Davidson v. Goodwill Industries of Greater New York and Northern New Jersey, Inc. et al
Filing
21
ORDER granting 20 Motion to Dismiss - For the reasons set forth in the ATTACHED WRITTEN MEMORANDUM AND ORDER, defendants' motion to dismiss is granted in its entirety. Accordingly, this action is DISMISSED, with prejudice. The Clerk of the Court is directed to enter judgment in favor of defendants and to close this case. SO ORDERED by Judge Dora Lizette Irizarry on 3/28/2012. (Irizarry, Dora)
UNITED STATES DISTRICT COURT
EASTERN DISTRICT OF NEW YORK
---------------------------------------------------------- x
IRA DAVISON, JR.,
:
:
Plaintiff,
:
:
-against:
:
GOODWILL INDUSTRIES OF GREATER
:
NEW YORK AND NORTHERN NEW
:
JERSEY, INC., GALINA SHUB, LINDA
:
TURNER and ANTHONY NAPOLI,
:
:
Defendants.
:
---------------------------------------------------------- x
DORA L. IRIZARRY, U.S. District Judge:
MEMORANDUM AND ORDER
10-CV-2180 (DLI)(RLM)
Plaintiff Ira Davison, Jr. (“Plaintiff”) commenced this action against his
employer, Goodwill Industries of Greater New York and Northern New Jersey, Inc.

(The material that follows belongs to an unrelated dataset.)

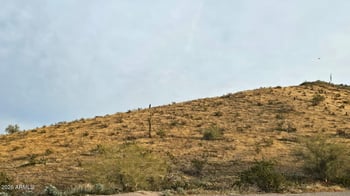 9600 37th Ave #1, Laveen, AZ 85339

(“Goodwill”) and three of its employees, Galina Shub (“Shub”), Linda Turner (“Turner”), and
Anthony Napoli (“Napoli,” collectively “Defendants”), asserting claims of defamation and
intentional infliction of emotional distress (“IIED”) and imputing vicarious liability to Goodwill.

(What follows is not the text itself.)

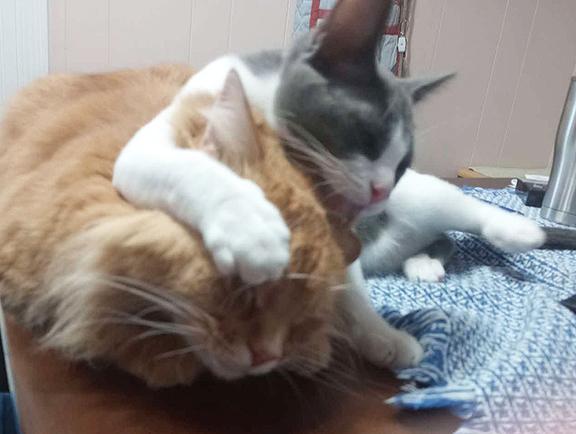 Enlarge RenRen, a Adopted Domestic Short Hair in Longview, TX image 2/5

(Dkt. Entry No. 13, Amended Complaint (“Am. Compl.”).) On May 23, 2011, Defendants
moved, pursuant to Federal Rule of Civil Procedure 12(b)(6), to dismiss the Amended Complaint
for failure to state a claim. (Dkt. Entry No. 20, Mot. to Dismiss.) Plaintiff, who is represented
by counsel, has failed to oppose the motion in the time since it was filed. Accordingly, the
motion is deemed unopposed. For the reasons set forth below, Defendants’ motion is granted.
BACKGROUND
I.
Plaintiff’s Employment History and Suspension
In August 2003, Plaintiff was hired through Goodwill’s Back-to-Work Program as a
workforce development instructor at Goodwill’s offices in Queens, New York. (Am. Compl. ¶
13.) Plaintiff was continuously employed with Goodwill until January 2010, during which time
he maintained a clean disciplinary record. (Id. ¶¶ 14–15.) On January 4, 2010, Shub, Vice
President of Goodwill’s Back-to-Work Program, informed Plaintiff that he was suspended
pending investigation of a complaint that a client had filed against him (the “Client Complaint”)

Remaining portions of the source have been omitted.